WHAT TO DO — Copy each line exactly, starting with the one that contains "Khởi tố 4 bị" and stopping after the last line of the material below, with nothing else.
----------------
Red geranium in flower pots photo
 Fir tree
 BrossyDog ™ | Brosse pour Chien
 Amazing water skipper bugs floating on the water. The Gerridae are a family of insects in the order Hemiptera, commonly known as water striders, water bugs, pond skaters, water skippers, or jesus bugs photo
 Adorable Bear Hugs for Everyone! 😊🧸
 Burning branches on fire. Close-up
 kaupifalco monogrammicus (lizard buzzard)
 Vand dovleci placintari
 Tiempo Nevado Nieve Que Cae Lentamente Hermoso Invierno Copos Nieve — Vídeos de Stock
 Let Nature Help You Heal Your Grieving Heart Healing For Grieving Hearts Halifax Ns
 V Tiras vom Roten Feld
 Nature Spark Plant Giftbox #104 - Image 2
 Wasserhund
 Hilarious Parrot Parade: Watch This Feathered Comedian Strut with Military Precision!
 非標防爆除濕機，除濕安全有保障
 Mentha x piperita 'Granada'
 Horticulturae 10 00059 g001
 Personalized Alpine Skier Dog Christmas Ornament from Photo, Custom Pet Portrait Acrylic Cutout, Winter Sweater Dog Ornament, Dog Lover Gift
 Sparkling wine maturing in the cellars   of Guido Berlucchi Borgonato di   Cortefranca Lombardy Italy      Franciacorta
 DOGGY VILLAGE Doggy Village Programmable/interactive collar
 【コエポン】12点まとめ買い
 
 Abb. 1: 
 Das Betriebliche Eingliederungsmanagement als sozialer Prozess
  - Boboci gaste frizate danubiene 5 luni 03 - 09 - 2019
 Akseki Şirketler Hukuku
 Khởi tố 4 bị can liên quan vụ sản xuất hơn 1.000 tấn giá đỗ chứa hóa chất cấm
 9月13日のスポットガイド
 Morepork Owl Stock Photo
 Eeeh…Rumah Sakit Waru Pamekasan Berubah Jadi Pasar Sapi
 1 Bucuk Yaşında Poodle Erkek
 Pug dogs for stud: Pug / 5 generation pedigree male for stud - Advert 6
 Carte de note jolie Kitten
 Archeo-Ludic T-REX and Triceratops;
----------------
EXERCISE ANSWER —
 Khởi tố 4 bị can liên quan vụ sản xuất hơn 1.000 tấn giá đỗ chứa hóa chất cấm
 9月13日のスポットガイド
 Morepork Owl Stock Photo
 Eeeh…Rumah Sakit Waru Pamekasan Berubah Jadi Pasar Sapi
 1 Bucuk Yaşında Poodle Erkek
 Pug dogs for stud: Pug / 5 generation pedigree male for stud - Advert 6
 Carte de note jolie Kitten
 Archeo-Ludic T-REX and Triceratops;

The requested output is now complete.